+++ SOURCE DATA +++

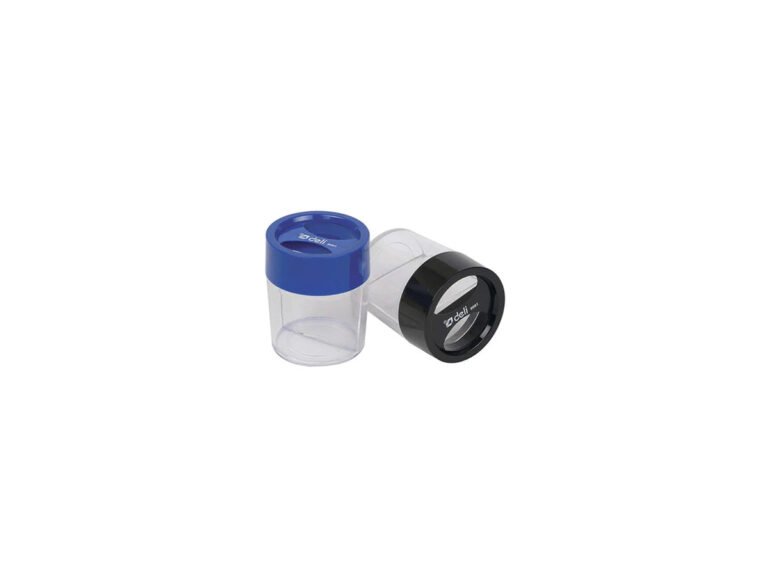 DELI Round Magnetic Clip Dispenser (9881)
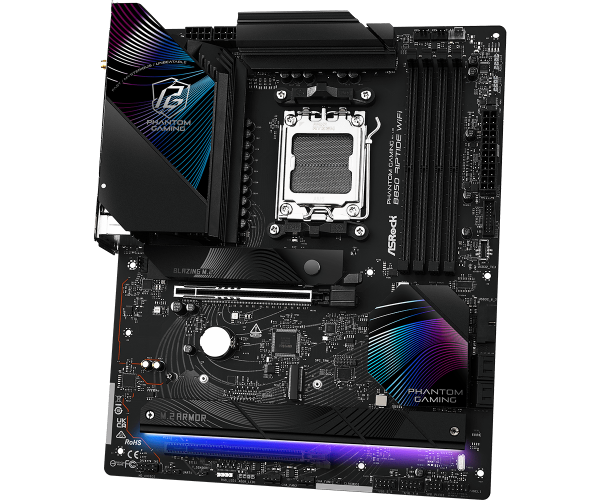 Placa de Baza ASROCK PHANTOM GAMING B850 RIPTIDE WIFI AM5 - imagine 6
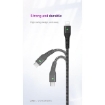 Picture of Lanex USB to Lightning Cable with Green heart LED indicator 2M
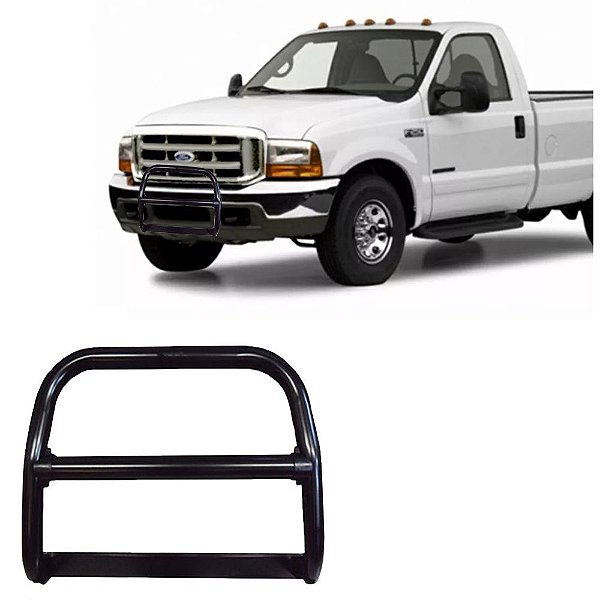 Parachoque Impulsão F250 1998 A 2009 2010 2011 2012 Preto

+++

**EXERCISE GOAL**. Every line above is to be given again exactly, apart from the pictures.

**ANSWER FOR THIS EXERCISE**.
 DELI Round Magnetic Clip Dispenser (9881)
 Placa de Baza ASROCK PHANTOM GAMING B850 RIPTIDE WIFI AM5 - imagine 6
 Picture of Lanex USB to Lightning Cable with Green heart LED indicator 2M
 Parachoque Impulsão F250 1998 A 2009 2010 2011 2012 Preto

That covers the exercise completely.